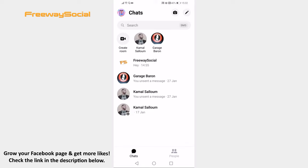Open Messenger app on your smartphone and login to your account if you haven't already done that. Proceed by tapping on your profile picture icon at the upper left corner.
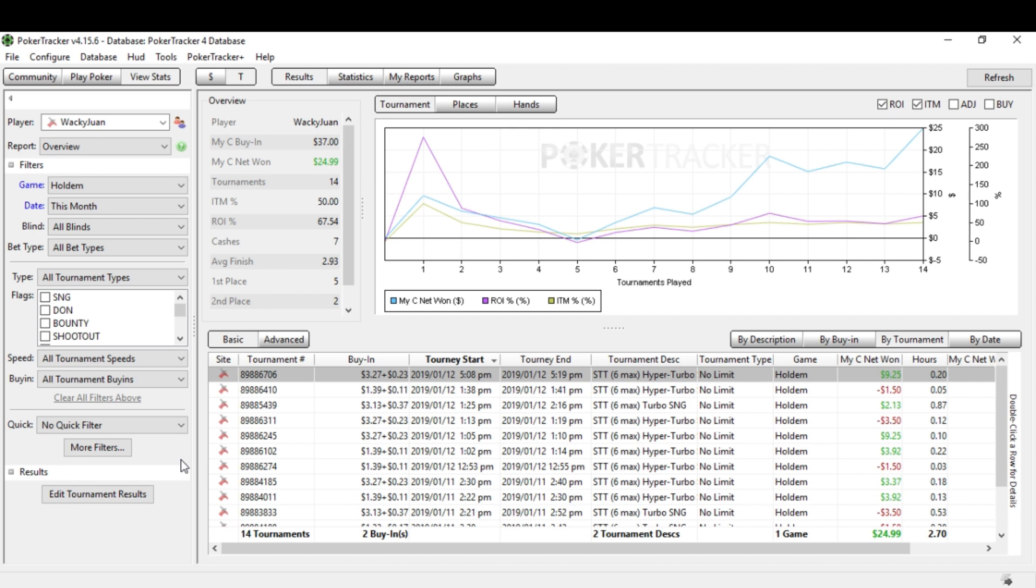So here's what Poker Tracker 4 looks like under the tournaments tab and the results right here. Just for this month currently, I've played 14 tournaments in the money 50% of the time with a 68% ROI. Things are looking good. It is only 14 tournaments. They're all sit and goes and stuff, but things have been going well for me. But I determined that I want to practice my ICM understanding.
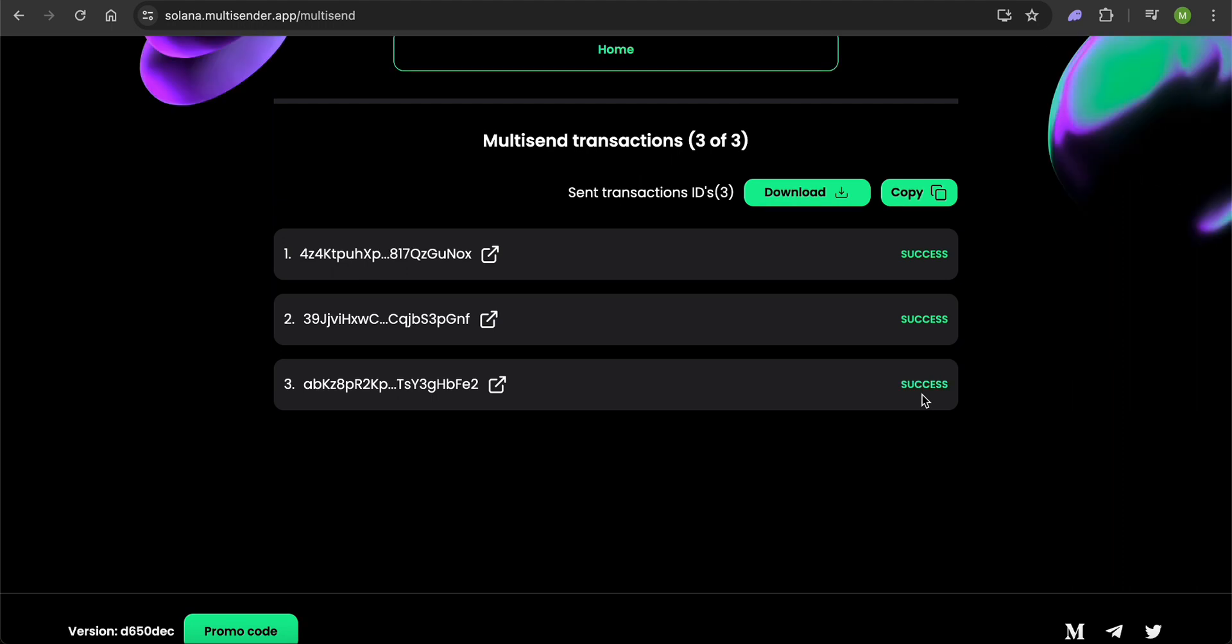That's how easy it is to send tokens to multiple addresses on the Solana blockchain.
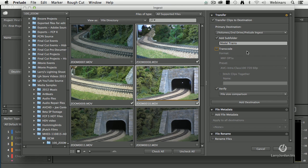But if you're going to do a lot of color grading, if you're going to do a lot of effects work, compositing, or multicam work — multicam also requires transcoding — you want to convert it into something more editing friendly. To do that, click the Transcode button.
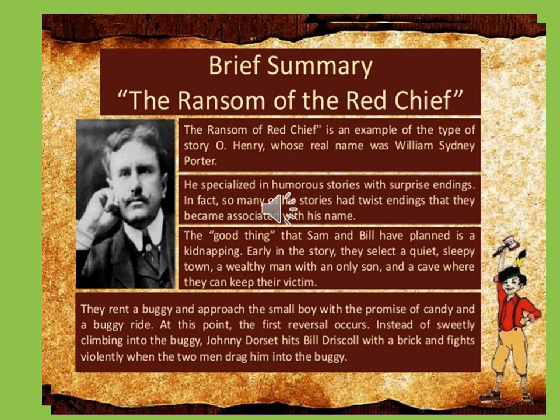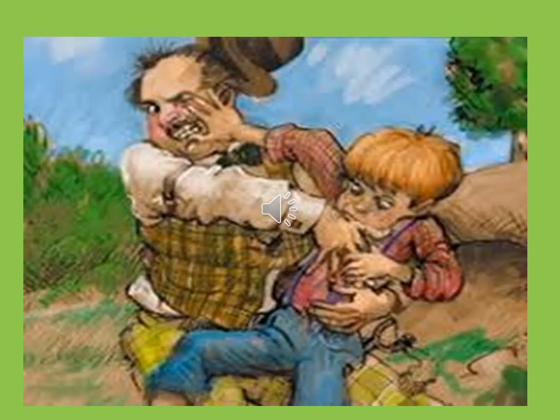So let's see how the kidnapping went. They went in a buggy and approached the small boy with a promise of sweets, candy, and a buggy ride. At this point, the first reversal occurred. Instead of sweetly climbing into the buggy, Johnny hit Bill on the head with a brick and fought violently when the two men dragged him into the buggy. The ten-year-old boy, Johnny, was not easy to victimize. He fought like a middle-sized bear in order to avoid the kidnap.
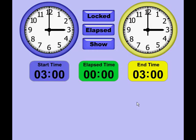Hi, this is Tommy Hall with MathNook.com and I'm here to show you our Telling Time Elapsed Time Clock application, which is available at www.mathnook.com under the Teaching Tools section. When you first start the application, you'll be put in elapsed time mode, as you can see here.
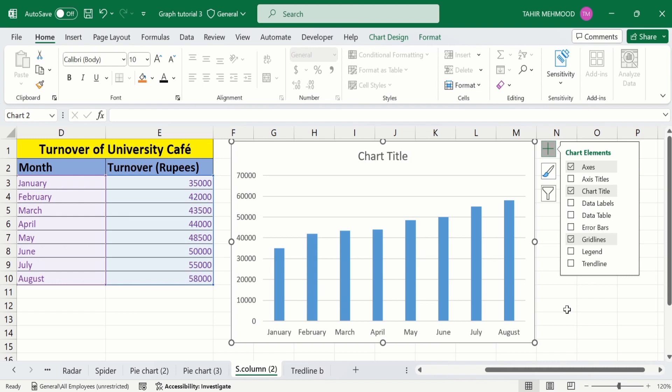By following this tutorial you can easily insert a trend line and format it according to your requirement. If you don't want the trend line, you can easily remove it. That's the end of this video — thanks for watching, goodbye.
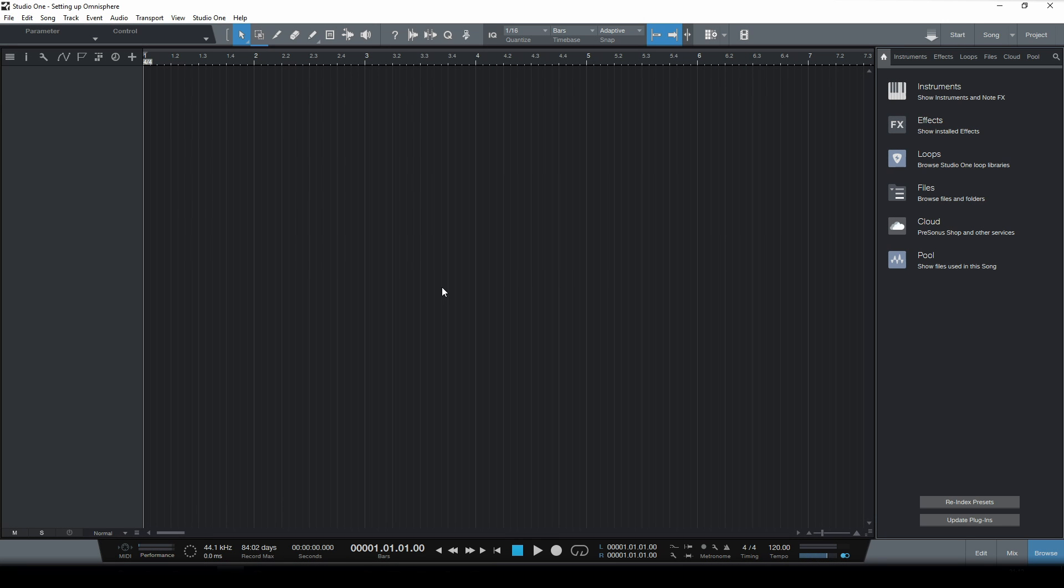Hey everyone, my name is Percy Jules and today I'm gonna show you how to set up Omnisphere in Studio One.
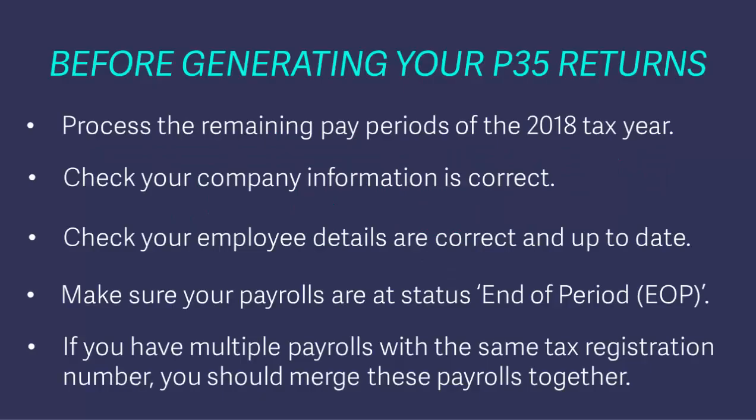Before you generate your P35 file, you must process the remaining pay periods in 2018 and check your payroll information is correct. You should also check that your payroll status is at end of period.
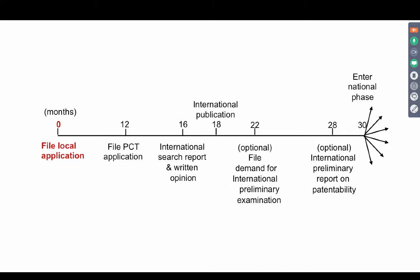For example, if you filed a PCT in India following an Indian local application, and you want to enter the US, you want to enter Japan, you want to enter South Korea — all those things will happen after the 30th month. You can enter the national phase of those countries.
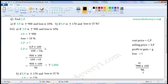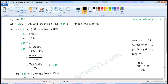CP is equal to SP into 100 by 100 minus loss percent. Substitute the given values: that is equal to 900 into 100 by 100 minus 10. 100 minus 10 is 90. So we can write this as 900 into 100 by 90. The common factor of 900 and 90 is 90. Dividing 900 by 90 gives 10, and 90 by 90 gives 1. The values left are 10 into 100 by 1, which is equal to 1000. So CP is equal to Rs.1000.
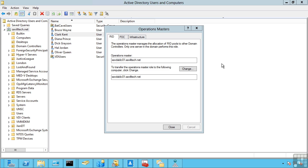So rather than give out one at a time, it will give out batches of, for example, 500 rids to each domain controller. When a domain controller reaches 50% of that relative ID pool that's left, it will then go and request another batch. This means if this server was unavailable for maybe a couple of hours, unless you have a huge amount of objects being created, you're not going to see a problem.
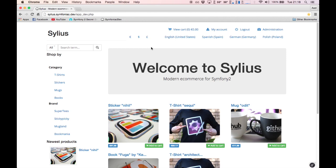I presume you already have Silvius installed. If not, go check out my video on the installation process. If you'd like to know how to override templates, check out my previous video.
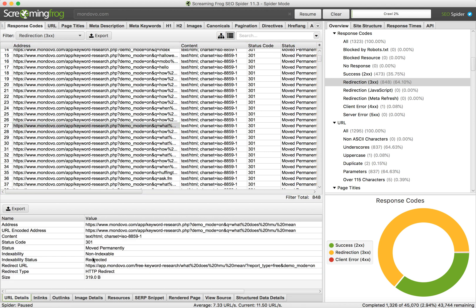In URL Details you can see the status code 301 Moved Permanently. If you're doing a website migration and you set up redirects, for example in an htaccess file or using a WordPress plugin, you can verify them with this tool.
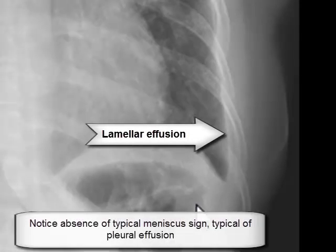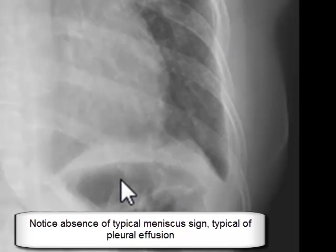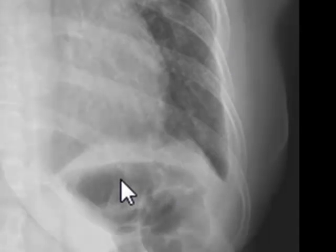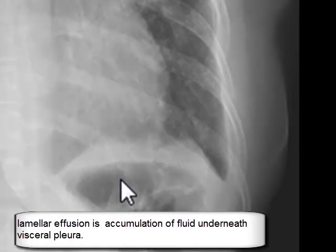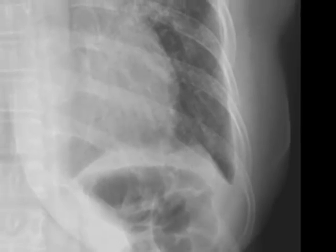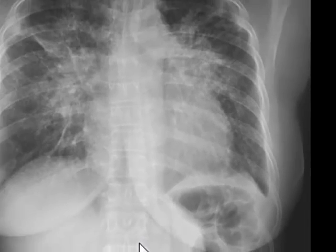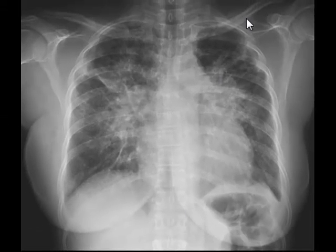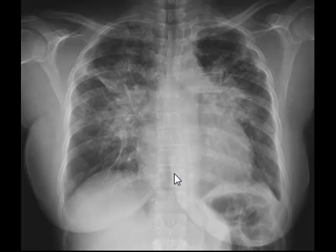If you look at the left costophrenic angle here, there is a soft tissue density between the chest wall and lung parenchyma, running almost parallel to the chest wall. This is known as lamellar effusion. It is caused by accumulation of fluid under the visceral pleura and is not a true pleural effusion — notice the absence of the typical meniscus sign. Lamellar effusion is typically found in cardiac failure.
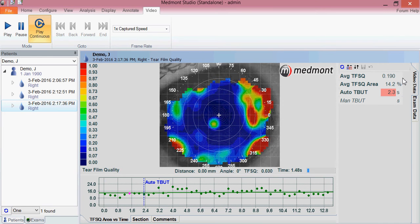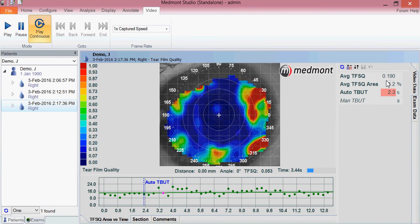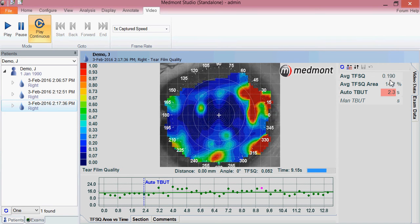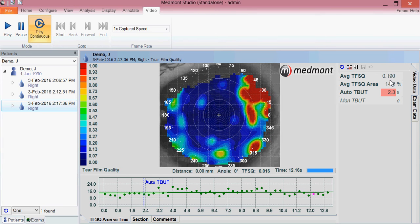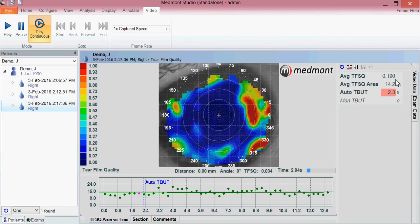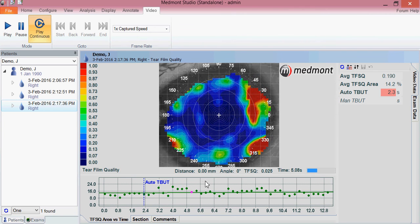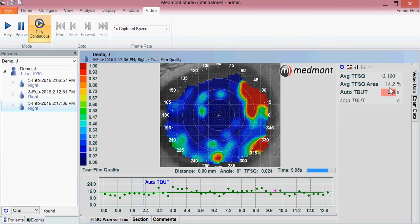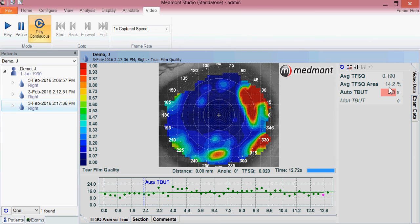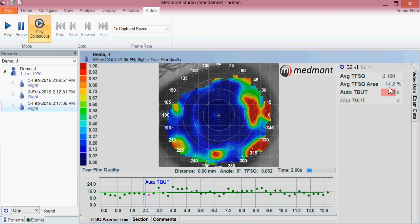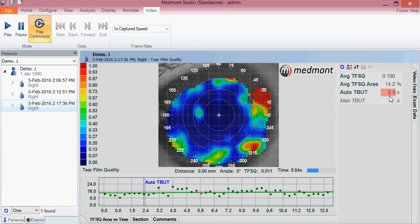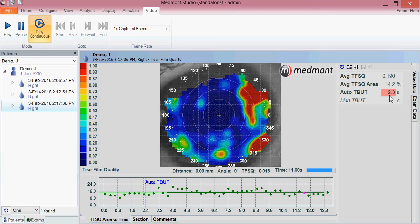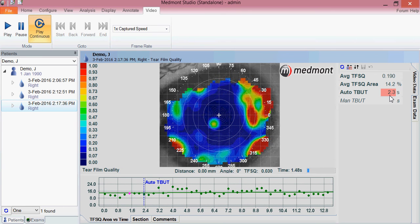If we go to the top right hand corner, we can look at the average TFSQ: 0.190. Dry eye would be considered any value over 0.1, so this patient would be over the dry eye threshold — that's taking the average of all these data points together. Next, you can look at the average TFSQ area believed to be in breakup: 14.2% of the measured area. And lastly, we have a 2.3 second tear breakup time. So all of our indices are indicating that we have a relatively dry eye patient.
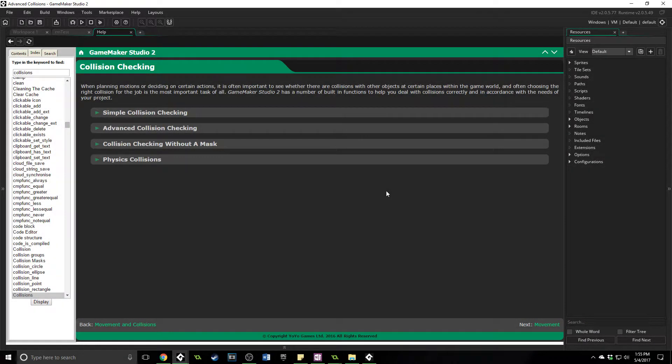Greetings and welcome. My name is Aaron Craig with Beyondus Games and in this tutorial I'm going to be covering the advanced collisions that GameMaker Studio has provided for us.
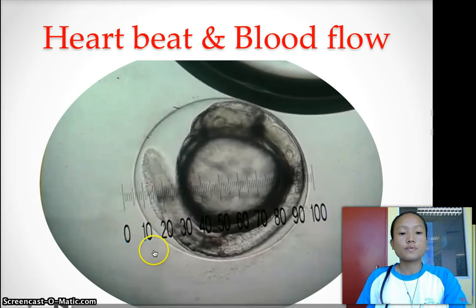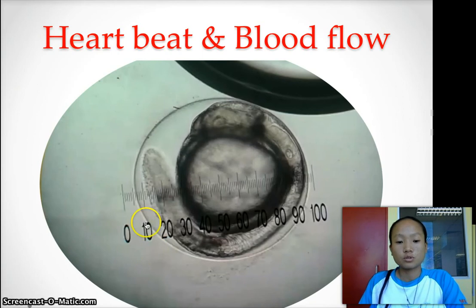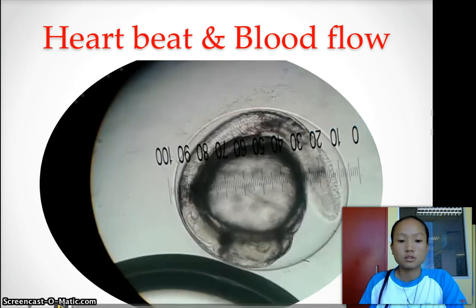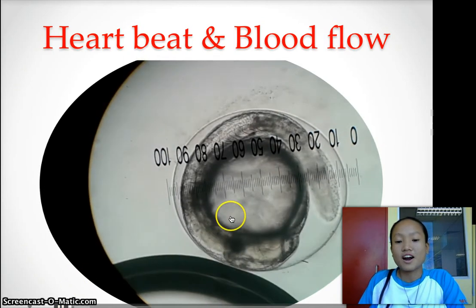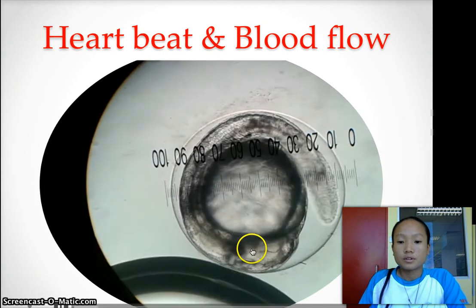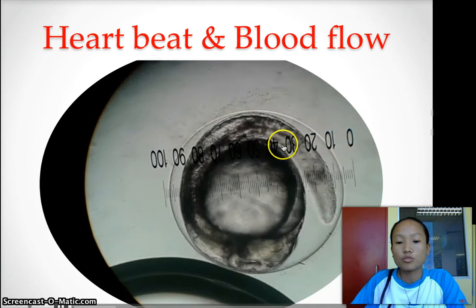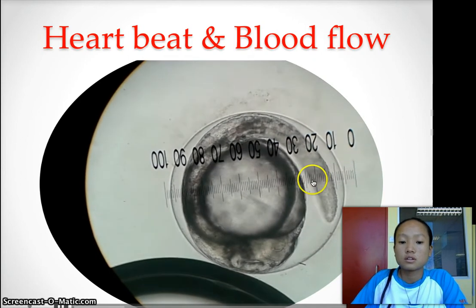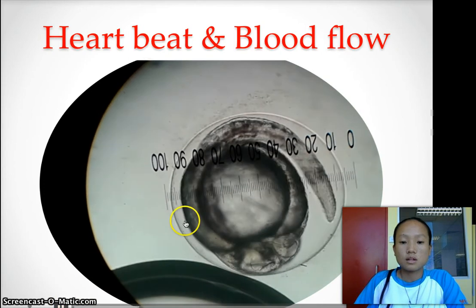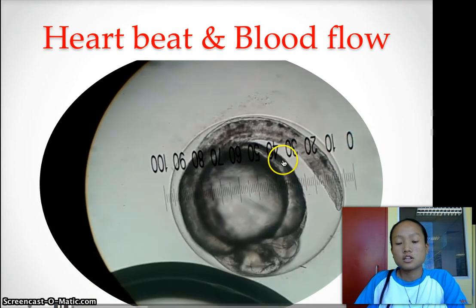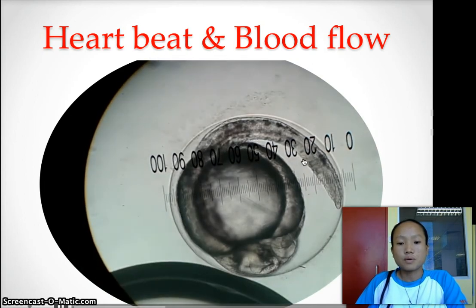This video shows the heartbeat as well as the blood flow for the control. Here you can see the heartbeat of the fish embryo, and here you can see blood flow from the heart all over the body. This also shows the intensive spasm that Jian mentioned, which may trigger the premature hatching of the fish embryo.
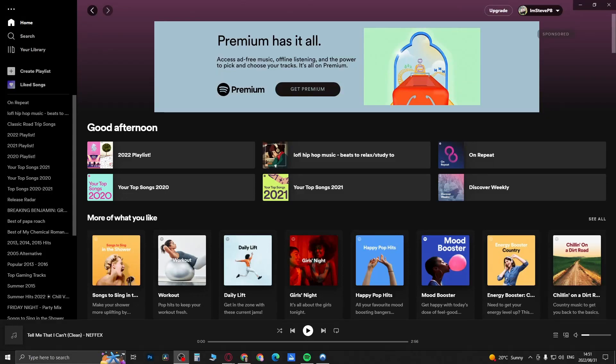What is up guys, welcome back to the channel. In this quick and short video I'm going to be showing you how you can restore your deleted playlists on Spotify. It's not going to take up too much of your time, so let's just get straight into it.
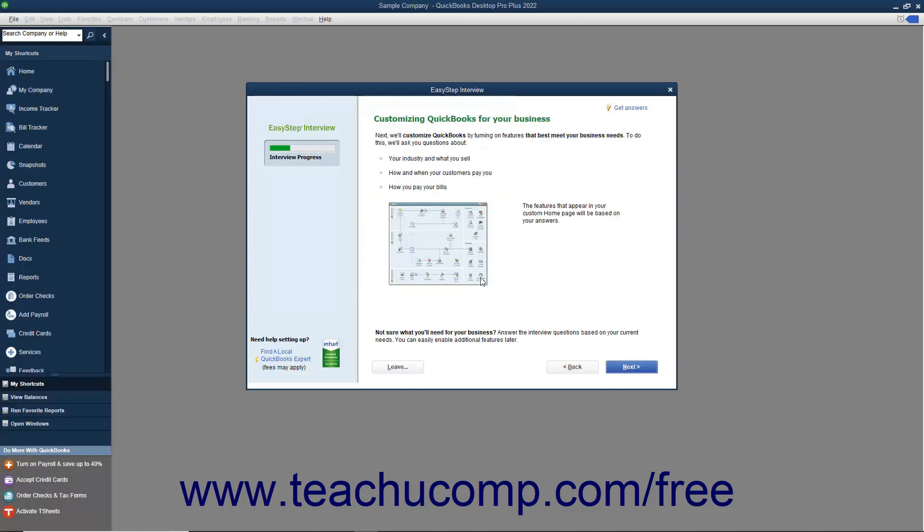The next screen you will see in the EasyStep interview is the Customizing QuickBooks for Your Business screen. The screen informs you that the next several screens will customize your QuickBooks company file by asking you questions about your company, your customers, and how you pay your bills.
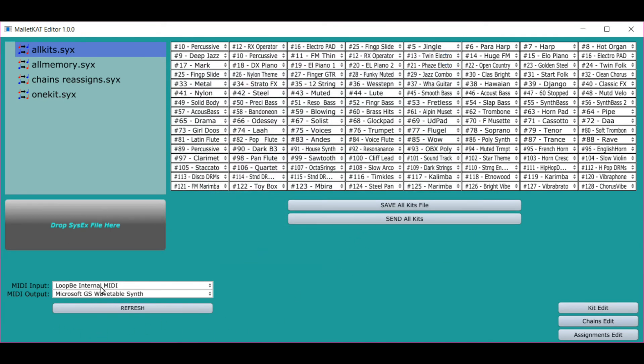And it instantly loads into your Maliket. And this works for the Maliket, the VibeCatter, or any flavor, meaning the Express, the Grand, or the Pro. Hope you enjoy the new Maliket editor from Alternate Mode.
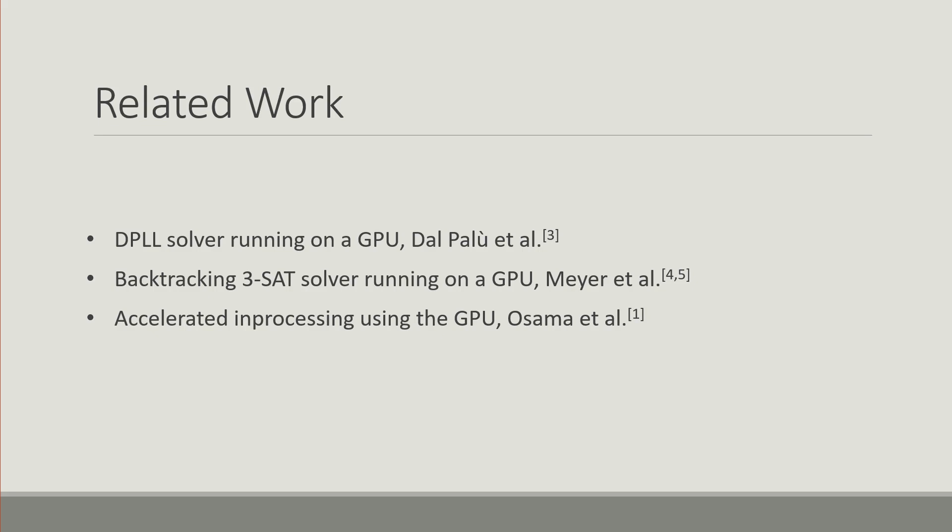But unlike existing work, our aim is to design a hybrid solver where the GPU just naively but quickly tackles sub-problems while the CPU is performing the intelligent search.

++++

◆ **Work instruction**: From the first line above through the line containing "That's how easy", copy everything exactly, without the pictures.

◆ **Result**:
Open Messenger app on your smartphone and login to your account if you haven't already done that. Proceed by tapping on your profile picture icon at the upper left corner.
So here's what Poker Tracker 4 looks like under the tournaments tab and the results right here. Just for this month currently, I've played 14 tournaments in the money 50% of the time with a 68% ROI. Things are looking good. It is only 14 tournaments. They're all sit and goes and stuff, but things have been going well for me. But I determined that I want to practice my ICM understanding.
That's how easy it is to send tokens to multiple addresses on the Solana blockchain.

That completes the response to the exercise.